The statistics on gun violence in the U.S. are unprecedented. Every day in America, there are 35 gun homicides, 60 gun suicides, and 200 people who survive getting shot. 21 of the 25 deadliest mass shootings in the U.S. have occurred since 1980. There were 64 school shootings and 372 mass shootings in the U.S. in 2015.
Is it time for a new approach and a fresh dialogue?
Gallery owner and artist Jonathan Ferrara and artist Brian Borrello, have launched a powerful project: Guns in the Hands of Artists.

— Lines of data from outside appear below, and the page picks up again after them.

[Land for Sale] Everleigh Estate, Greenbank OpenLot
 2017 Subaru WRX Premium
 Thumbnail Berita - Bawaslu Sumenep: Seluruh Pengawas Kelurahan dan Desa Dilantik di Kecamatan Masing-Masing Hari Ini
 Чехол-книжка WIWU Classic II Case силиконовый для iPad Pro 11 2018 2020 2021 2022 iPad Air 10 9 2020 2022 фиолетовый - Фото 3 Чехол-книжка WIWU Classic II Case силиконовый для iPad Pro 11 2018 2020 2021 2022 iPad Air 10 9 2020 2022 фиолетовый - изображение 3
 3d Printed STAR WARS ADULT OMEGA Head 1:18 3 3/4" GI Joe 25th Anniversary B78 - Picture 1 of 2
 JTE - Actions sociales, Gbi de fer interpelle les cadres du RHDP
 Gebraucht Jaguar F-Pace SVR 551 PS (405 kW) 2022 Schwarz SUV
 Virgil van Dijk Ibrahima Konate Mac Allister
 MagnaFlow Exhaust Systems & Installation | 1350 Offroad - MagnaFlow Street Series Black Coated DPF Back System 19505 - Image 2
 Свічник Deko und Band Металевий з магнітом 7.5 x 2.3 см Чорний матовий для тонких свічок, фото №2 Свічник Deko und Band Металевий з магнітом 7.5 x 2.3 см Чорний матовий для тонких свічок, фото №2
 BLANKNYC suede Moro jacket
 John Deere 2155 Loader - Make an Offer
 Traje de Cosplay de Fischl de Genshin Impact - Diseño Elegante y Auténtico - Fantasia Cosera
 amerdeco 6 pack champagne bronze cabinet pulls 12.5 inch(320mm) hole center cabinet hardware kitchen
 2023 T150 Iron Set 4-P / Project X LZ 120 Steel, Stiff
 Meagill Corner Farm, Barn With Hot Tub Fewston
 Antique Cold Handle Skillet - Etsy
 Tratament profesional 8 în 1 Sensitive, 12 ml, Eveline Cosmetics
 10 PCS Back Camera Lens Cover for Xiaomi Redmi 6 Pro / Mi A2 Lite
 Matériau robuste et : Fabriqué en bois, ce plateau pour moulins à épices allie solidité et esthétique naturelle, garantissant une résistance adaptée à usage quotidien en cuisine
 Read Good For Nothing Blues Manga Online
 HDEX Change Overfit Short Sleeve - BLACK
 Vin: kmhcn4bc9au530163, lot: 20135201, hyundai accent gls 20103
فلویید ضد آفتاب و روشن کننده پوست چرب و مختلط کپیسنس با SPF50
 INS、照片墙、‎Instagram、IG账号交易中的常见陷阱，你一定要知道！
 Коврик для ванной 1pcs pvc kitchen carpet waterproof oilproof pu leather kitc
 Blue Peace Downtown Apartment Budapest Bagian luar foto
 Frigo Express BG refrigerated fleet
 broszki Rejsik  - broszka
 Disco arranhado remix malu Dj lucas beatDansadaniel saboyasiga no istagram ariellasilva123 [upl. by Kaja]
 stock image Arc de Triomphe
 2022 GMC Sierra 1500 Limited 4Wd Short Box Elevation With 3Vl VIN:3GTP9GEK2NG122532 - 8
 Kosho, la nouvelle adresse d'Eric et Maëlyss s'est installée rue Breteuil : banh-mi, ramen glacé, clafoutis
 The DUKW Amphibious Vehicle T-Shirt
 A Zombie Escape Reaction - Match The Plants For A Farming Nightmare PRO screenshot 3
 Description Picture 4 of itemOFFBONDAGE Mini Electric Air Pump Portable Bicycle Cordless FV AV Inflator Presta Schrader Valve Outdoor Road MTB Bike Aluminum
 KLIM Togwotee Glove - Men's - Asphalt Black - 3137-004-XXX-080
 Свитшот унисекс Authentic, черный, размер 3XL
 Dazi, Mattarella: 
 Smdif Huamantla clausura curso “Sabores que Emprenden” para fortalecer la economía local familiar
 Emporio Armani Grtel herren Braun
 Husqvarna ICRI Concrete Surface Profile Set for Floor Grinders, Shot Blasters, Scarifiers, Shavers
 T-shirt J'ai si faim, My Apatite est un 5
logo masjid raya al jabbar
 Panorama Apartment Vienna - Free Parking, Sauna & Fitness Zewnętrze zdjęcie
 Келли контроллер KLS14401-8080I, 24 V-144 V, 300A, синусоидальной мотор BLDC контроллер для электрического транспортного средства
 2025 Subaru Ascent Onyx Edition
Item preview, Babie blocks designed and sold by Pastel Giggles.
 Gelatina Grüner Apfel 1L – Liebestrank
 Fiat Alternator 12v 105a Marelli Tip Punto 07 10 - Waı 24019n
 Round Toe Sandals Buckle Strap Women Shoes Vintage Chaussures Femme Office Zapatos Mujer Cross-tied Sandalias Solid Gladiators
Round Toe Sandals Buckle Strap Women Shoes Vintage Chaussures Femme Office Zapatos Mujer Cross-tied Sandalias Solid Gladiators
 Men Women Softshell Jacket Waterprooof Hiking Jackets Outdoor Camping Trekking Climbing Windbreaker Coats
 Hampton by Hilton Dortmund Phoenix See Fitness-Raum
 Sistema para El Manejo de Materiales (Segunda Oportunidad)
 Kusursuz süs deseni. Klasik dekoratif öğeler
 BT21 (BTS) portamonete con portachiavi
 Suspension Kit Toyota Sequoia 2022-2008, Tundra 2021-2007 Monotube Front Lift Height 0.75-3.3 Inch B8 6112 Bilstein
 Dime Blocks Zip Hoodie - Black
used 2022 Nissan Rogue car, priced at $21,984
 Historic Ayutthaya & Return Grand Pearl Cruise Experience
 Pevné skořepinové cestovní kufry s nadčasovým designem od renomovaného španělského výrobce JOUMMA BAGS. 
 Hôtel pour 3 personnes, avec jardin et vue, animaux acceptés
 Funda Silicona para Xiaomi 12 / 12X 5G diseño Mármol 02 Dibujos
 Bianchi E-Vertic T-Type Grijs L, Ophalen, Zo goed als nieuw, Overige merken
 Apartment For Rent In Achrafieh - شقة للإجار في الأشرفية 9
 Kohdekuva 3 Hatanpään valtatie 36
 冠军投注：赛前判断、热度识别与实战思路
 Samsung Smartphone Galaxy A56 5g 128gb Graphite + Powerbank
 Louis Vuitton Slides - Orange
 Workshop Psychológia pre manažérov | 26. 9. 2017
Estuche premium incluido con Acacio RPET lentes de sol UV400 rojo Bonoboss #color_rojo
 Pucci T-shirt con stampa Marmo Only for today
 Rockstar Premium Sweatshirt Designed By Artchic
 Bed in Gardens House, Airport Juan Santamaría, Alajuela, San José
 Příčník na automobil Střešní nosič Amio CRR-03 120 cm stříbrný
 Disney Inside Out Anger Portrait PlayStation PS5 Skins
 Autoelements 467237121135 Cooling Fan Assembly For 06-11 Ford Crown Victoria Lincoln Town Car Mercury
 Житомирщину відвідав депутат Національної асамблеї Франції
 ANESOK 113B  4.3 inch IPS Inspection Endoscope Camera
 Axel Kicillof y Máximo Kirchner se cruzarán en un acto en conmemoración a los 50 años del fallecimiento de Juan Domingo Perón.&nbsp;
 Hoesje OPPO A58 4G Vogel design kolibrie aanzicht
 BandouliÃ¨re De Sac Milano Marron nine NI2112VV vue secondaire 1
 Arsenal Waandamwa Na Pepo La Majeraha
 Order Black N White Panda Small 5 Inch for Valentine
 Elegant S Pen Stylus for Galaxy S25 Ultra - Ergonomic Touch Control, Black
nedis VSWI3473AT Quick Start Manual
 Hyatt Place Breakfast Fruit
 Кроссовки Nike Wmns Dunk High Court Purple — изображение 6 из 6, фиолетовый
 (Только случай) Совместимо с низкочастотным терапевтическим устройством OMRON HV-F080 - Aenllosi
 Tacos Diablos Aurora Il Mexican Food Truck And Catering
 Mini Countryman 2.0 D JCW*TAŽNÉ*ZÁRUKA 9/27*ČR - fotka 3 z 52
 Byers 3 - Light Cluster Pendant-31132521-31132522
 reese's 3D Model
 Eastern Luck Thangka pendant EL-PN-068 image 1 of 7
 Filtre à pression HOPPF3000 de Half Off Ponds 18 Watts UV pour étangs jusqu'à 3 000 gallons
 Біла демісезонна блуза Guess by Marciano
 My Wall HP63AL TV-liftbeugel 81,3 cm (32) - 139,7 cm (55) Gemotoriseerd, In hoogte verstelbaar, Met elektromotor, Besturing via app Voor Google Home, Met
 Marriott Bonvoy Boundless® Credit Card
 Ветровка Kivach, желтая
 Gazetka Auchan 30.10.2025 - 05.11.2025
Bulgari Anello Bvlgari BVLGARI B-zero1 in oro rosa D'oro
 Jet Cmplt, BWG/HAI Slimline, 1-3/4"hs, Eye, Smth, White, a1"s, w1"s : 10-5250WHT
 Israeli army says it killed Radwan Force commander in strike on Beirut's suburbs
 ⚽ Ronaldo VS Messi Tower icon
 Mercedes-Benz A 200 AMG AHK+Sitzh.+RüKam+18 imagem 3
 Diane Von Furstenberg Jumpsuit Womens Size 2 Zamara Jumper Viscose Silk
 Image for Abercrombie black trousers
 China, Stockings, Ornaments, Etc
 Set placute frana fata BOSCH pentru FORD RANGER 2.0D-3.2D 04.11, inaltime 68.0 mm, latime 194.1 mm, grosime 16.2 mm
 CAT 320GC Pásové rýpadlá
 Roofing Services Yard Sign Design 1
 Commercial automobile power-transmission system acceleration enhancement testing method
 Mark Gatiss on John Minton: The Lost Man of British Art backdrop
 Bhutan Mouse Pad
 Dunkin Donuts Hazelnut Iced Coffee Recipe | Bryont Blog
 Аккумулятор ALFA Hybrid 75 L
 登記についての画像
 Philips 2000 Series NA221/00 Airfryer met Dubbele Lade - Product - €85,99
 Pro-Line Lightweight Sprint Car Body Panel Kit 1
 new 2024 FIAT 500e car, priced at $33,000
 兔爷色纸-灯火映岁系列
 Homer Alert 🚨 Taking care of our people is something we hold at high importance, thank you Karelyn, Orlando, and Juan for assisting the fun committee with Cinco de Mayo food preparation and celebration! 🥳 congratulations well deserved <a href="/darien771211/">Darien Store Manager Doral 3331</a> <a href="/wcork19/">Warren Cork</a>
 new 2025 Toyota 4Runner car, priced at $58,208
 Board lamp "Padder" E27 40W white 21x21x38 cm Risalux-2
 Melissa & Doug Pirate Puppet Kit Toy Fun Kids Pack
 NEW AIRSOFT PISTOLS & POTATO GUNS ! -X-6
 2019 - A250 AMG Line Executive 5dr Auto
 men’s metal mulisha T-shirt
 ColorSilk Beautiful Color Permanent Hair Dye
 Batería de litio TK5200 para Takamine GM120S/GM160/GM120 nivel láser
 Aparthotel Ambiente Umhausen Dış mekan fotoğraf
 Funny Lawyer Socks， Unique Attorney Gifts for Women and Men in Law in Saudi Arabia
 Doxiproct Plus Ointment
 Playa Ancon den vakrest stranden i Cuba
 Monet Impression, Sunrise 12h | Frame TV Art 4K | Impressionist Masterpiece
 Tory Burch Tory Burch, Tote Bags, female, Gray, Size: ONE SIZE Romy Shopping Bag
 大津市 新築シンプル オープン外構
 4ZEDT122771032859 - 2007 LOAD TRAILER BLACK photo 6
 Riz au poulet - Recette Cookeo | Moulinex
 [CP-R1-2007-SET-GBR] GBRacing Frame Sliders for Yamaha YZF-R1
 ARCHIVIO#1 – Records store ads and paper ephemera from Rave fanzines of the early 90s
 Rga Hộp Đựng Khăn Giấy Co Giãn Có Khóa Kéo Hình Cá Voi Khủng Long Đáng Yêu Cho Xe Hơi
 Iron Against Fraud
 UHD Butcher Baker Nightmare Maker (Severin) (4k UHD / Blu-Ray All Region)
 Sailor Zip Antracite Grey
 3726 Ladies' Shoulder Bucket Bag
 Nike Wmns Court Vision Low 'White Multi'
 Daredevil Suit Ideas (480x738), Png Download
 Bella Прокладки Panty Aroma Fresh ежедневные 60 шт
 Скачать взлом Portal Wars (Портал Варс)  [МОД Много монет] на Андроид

Over sixty artists, including painters, glass artists, sculptors, photographers, and poets, used decommissioned guns taken off the city streets via a gun buyback program to express a thought, make a statement, open a discussion, and to stimulate thinking about guns and gun violence in America.
The exhibition, and eponymous book, fosters a new conversation by bringing the discussion into the realm of art. Ferrara says, “It’s a multi-perspective, sensible conversation about guns and gun violence. Forty percent of the artists in the exhibition own guns and 40 percent of the artists in the exhibition have been victims of gun violence. This is not anti-gun. This is about having a frank and honest conversation that we’re not able to really do because of the politicized and polarized nature of the issue.”
Please let me know if you would like to set up an interview with Jonathan Ferrara on December 7, 8, 13, or 14. Select essayists may also be available.
Guns in the Hands of Artists includes essays by:
· Renowned writer and managing editor of TIME Magazine, Walter Isaacson
· Senator Tim Kaine
· Rapper and record producer Lupe Fiasco
· Award-winning novelist Richard Ford
· New York Times writer Joe Nocera
· Actor and comedian Harry Shearer
· Mayor Mitchell J. Landrieu
· Congresswoman Gabrielle Giffords
· And many more
The book is an important outgrowth of the exhibition and an extension of its efforts to employ art as a vehicle for dialogue, as a call to action, and―ultimately―as an agent of change.